A copy of the opinion is available at: Link to Opinion
A mortgagee sued to foreclose its mortgage against a corporate borrower and its principal. The borrowers answered and counterclaimed for breach of contract and defamation.
In 2014, the borrowers filed an amended answer that included nine statutory and common law counterclaims based upon an alleged "phantom default" created when the plaintiff mortgagee's predecessor supposedly improperly purchased "force-placed" insurance on the property securing the loan and then allegedly misapplied the borrowers' payments.
The mortgagee moved to dismiss all of the counterclaims, which the trial court granted after a hearing. The borrowers appealed the dismissal of their counterclaims.
On appeal, the Fourth District first addressed whether it had jurisdiction, explaining that it has jurisdiction to review only final orders under Florida Rule of Appellate Procedure 9.030(b)(1)(A). It then found that the order dismissing the borrowers' counterclaims was not a "final order" because it did not dispose of the entire case on the merits. Instead, the mortgagee's foreclosure claim remained pending before the trial court.

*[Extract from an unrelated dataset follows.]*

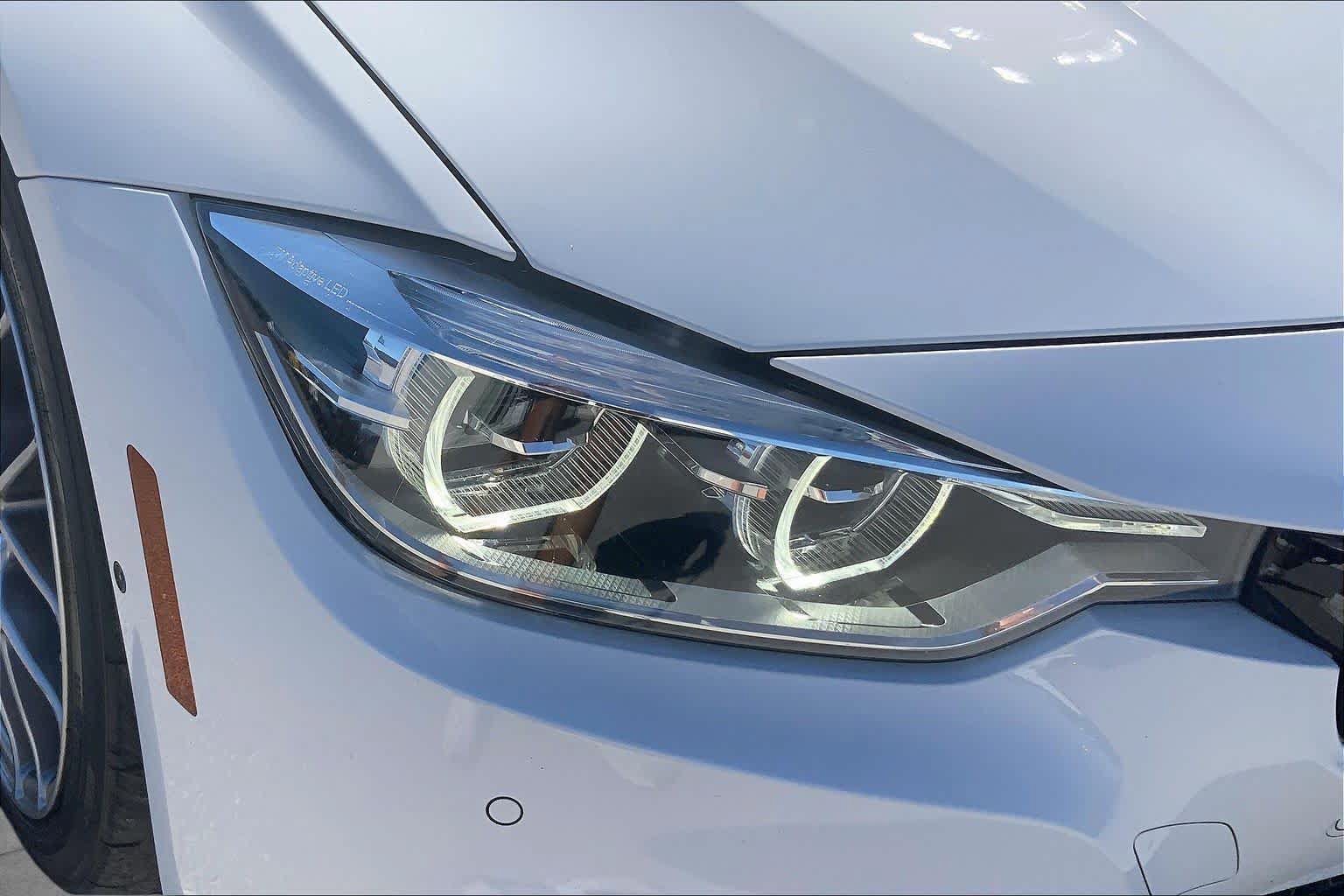 Used 2017 BMW 340i xDrive Sedan AWD/4WD image 28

The Appellate Court went on the explain that an "appellate court may exercise jurisdiction where the trial court's dismissal of a counterclaim 'adjudicates a distinct and severable cause of action.'" This, in turn, requires the court to determine whether the dismissed counterclaim was compulsory or permissive. If it finds "that a counterclaim is permissive, then the partial final judgment adjudicating the counterclaim is immediately appealable. On the other hand, if this court finds that a dismissed counterclaim is compulsory, then the order dismissing the counterclaim is 'not appealable until a final disposition of the original cause has [been] obtained on the merits.'"
The Fourth District found that seven of the borrowers' nine counterclaims were compulsory and dismissed "the appeal as to those counterclaims without prejudice for lack of jurisdiction."
The Appellate Court found that the remaining two claims based on violations of the FUITPA were permissive because they did not arise out of the "same aggregate of operative facts" as facts giving rise to the foreclosure claim. It then concluded that the order dismissing these permissive counterclaims "was a final order adjudicating distinct and severable causes of action. As such, this court has jurisdiction to reach the merits of the dismissal of these permissive counterclaims."
Turning to the merits of the appeal, the Fourth District held that "the trial court properly dismissed the Borrower's FUITPA counterclaims because they were not timely filed, reasoning that under subsection 95.11(3)(f), Florida Statutes, an action under the FUITPA must be brought within four years."
Because the operative facts giving rise to the FUITPA allegations supposedly took place from 2005 to 2008, and the borrowers did not file their FUITPA counterclaims until 2014, the claims were barred as a matter of law.
The Court affirmed trial court's dismissal of the FUITPA counterclaims.